Peh! Kimin aklına gelirdi ki.
“Küçücük
çocuklarız, ben 10 yaşlarındayım belki 9. O zamanlar mahallede oyunlar
oynardık, ezan saatiyle eve girerdik, yarışmalar yapardık, kim hızlı koşacak,
köşeyi kim en hızlı dönecek, kendi aramızda para topluyoruz, lira ha! Değerli
para.

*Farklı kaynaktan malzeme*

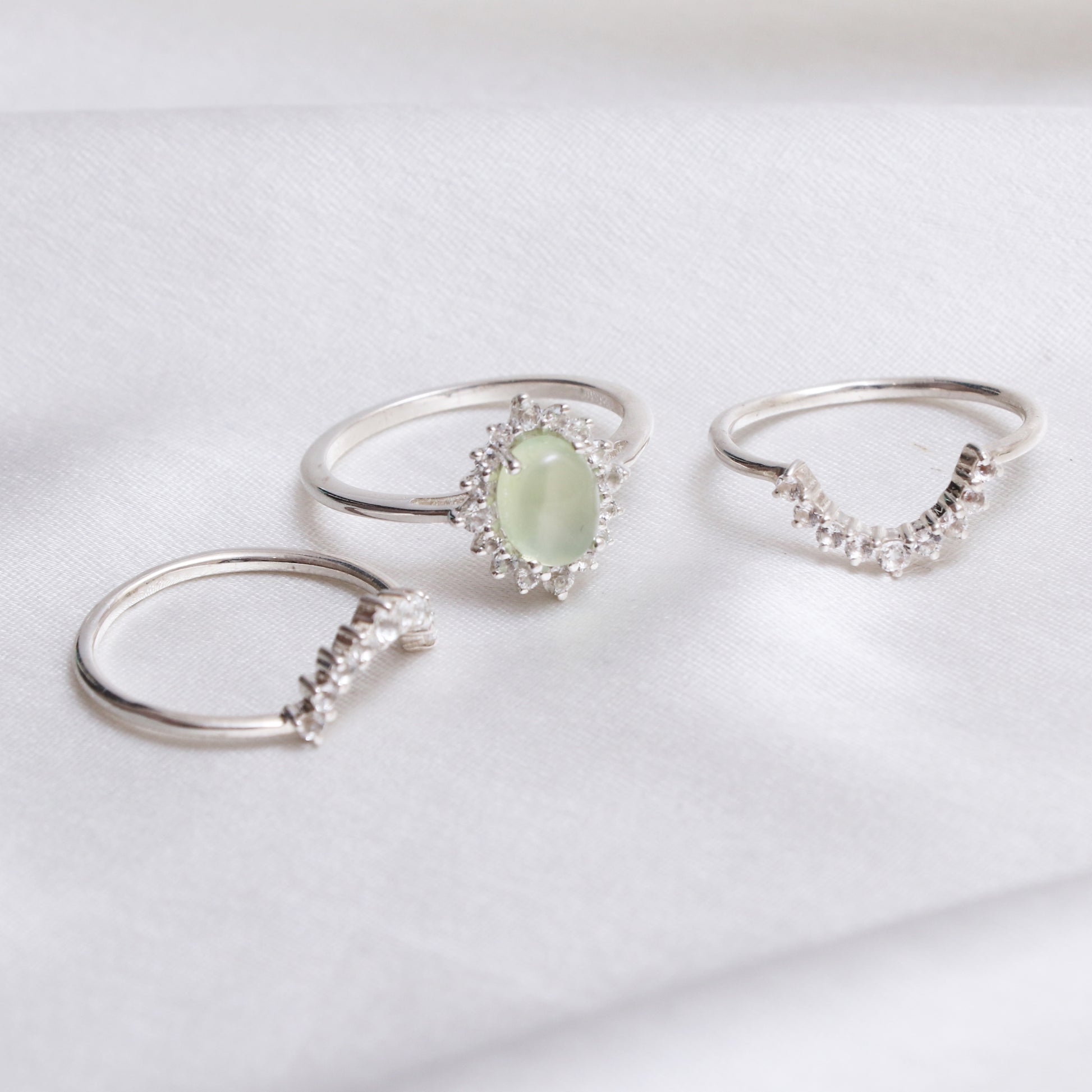 Natural Prehnite Ring Set, Delicate Prehnite Halo Stone Ring-739 PILWALS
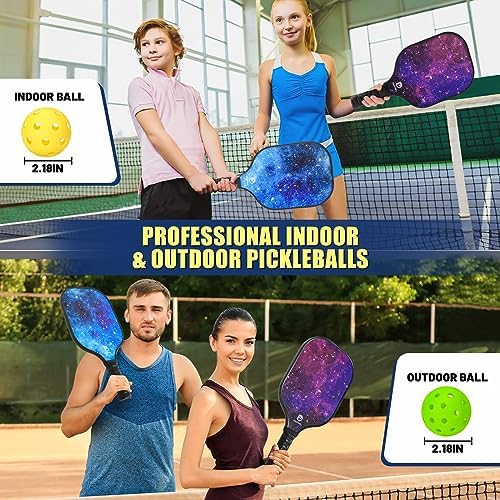 DULCE DOM USAPA Approved Fiberglass/Carbon Fiber Pickleball Paddles Set of 4 for Training | DULCE DOM 4 Indoor Outdoor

Ödülümüz Osman amcadan süt kokulu dondurma ya da leblebi tozu, hepimize
ne kadar yeterse. Dondurmanın çikolatalısına da oynardık ama süt kokulu
dondurma hem de külahta, çıtır çıtır, evlaydı o zamanlarda. İlle de Osman
amcadan olacak ama. O bizim mahallenin hikaye anlatıcısıydı, babamız gibi
bilirdik. İlk Ondan duymuştum kuzey ışıklarını.”
“Nice
sonra mahalleye yeni bir dondurmacı gelmeye başladı. Küçük pembe boyalı, üçteker
pır pır, arkasına tarafa koyduğu üç buzluk olurdu arabasında. Neşeli bir müzik çalardı
mızıkasıyla. Komik bir adama benzese de sevmezdik onu. Osman amcanın rızkına göz koymuştu sonuçta. Mahalleye
ilk geldiğinde fark ettik garip hallerini, hem insan neden pelerin takardı ki
takım elbisesine. Tuhaf adamdı, sihirbazlık yapıyormuş eskiden, tavşanı mı
kaybolmuş ne, çaldılar diyen de olduydu ya, neyse işte, demeleri o ki
üzüntüsünden bırakmış mesleği. Derlerdi ki sihirbaz olacam diye feda etmiş hayatını boş işler uğruna,
karısı, çoluğu, çocuğu olmamış, bir göz oda evi varmış. Aç kalınca gitmiş bir
pastaneci yanına, bulaşık yıkamaya, geçinememiş, oradan öğrendiği kadarıyla,
dondurmacılık yapmaya başlamış. Öyle anlatırdı büyükler.”
Turgut’a
bu hikayeyi neden anlatıyordum acaba?
Yüzüme
baktı. Hikayeyi bir yerinden bağlayacaktım. Biliyordu. Hep böyle bakardı, ben
de hep böyle biteviye konuşurdum. Anlatırdım da anlatırdım. Turgut görüp
görebileceğiniz en karizmatik doktordur bu arada. Yaşı da var ama o yaşta o
karizma. Peh! Kimin aklına gelirdi ki.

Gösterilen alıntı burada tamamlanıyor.